Aqisa was staring, wide-eyed, like she'd just remembered that Zaynab was a princess, and that Zaynab's father was notoriously vicious. "Don't worry," said Zaynab. She kept a small crate of supplies in their training room, having listened to more of Nahri's rants about how her work would be so much easier if the djinn had knowledge of basic wound care and a modicum of common sense, than she'd realized, and she went to it now. "It's just a scratch. And if even if it weren't, I know all the best times to go to the infirmary when my sister-in-law will be too distracted to ask questions." Zaynab unscrewed a tin of ointment and smoothed a line of it over the cut. It stung, and she let out a, "Fuck the moon!" without thinking.

"Why do so many of your curses involve the moon?" asked Aqisa. She was suddenly there, peering first at Zaynab's wound and then the medicine crate. "They're not traditional Gezirriya phrases."
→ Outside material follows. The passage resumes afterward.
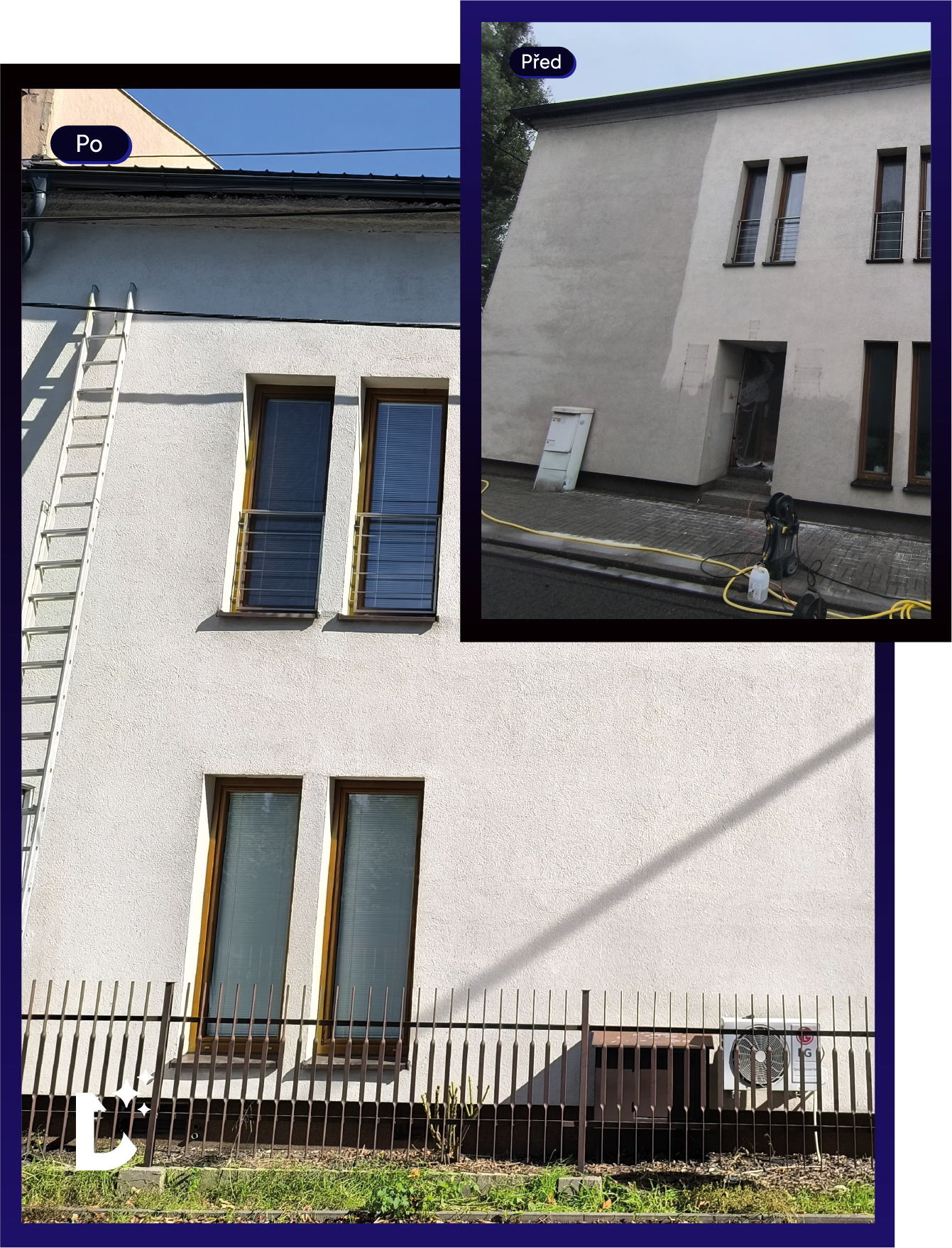 Side-by-side comparison of a building facade before and after cleaning, showing a cleaner white surface and windows after cleaning.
Zaynab realized suddenly that in the deserts of Am Gezira, of course no one would curse the moon; they'd save all their rancor for the sun. She'd never really thought about it before, not even with Ali living there. She'd imagined Ali, and therefore his friends and his village, as one of those charming towns not far outside a trading port, the sort of places where her cousins went on picnics and raced falcons and danced with each other. "Well," she said, "there's a well-known Divasti poet who's written an entire cycle about his true love being turned into the moon."

"Sounds rough," said Aqisa, doubling a cloth over Zaynab's wound, and starting to unroll a long strip of linen to tie it in place. 

"So," said Zaynab, knowing she was babbling and that she couldn't stop herself, "it's a popular subject for parodies. There's one in which the poet's lover left him for the moon, to get as far away from him as she possibly could because he's such a bad lover he doesn't even know it. There's another where the poet is clearly talking about his paramour's monthlies. And then there's another one where the poet wants to, you know. Fuck the moon."

Aqisa finished tying the bandage around Zaynab's collarbone. "How reassuring that you Daevabadis are addressing the great philosophical questions of our time."

"You asked."

Aqisa snorted. "That I did, but I'm not entirely sure how one would fuck the moon."

Zaynab shrugged. "There's over a hundred verses. I assume he found a way in at least one of them."

"In Am Gezira," said Aqisa, "the moon is cherished, because it isn't the sun. If we had time for poetry, it would be: fuck the sun."

Daevabad was almost constantly surrounded in fog, so the sun in its occasional appearances always struck Zaynab as glorious, dazzling as it peered out from the mist and then burned it off. As it rose yellow and set, orange and pink and purple, on the lake. "Yes?"

"Yes. You've never been in the desert. Spend a day there in high summer, outside an oasis.... By noon, you're parched, if not before. And the more time you're out there, the worse it feels. You feel like you'll go mad from it. You feel like you'll to catch fire and burn down to a husk from the heat, and the thirst--"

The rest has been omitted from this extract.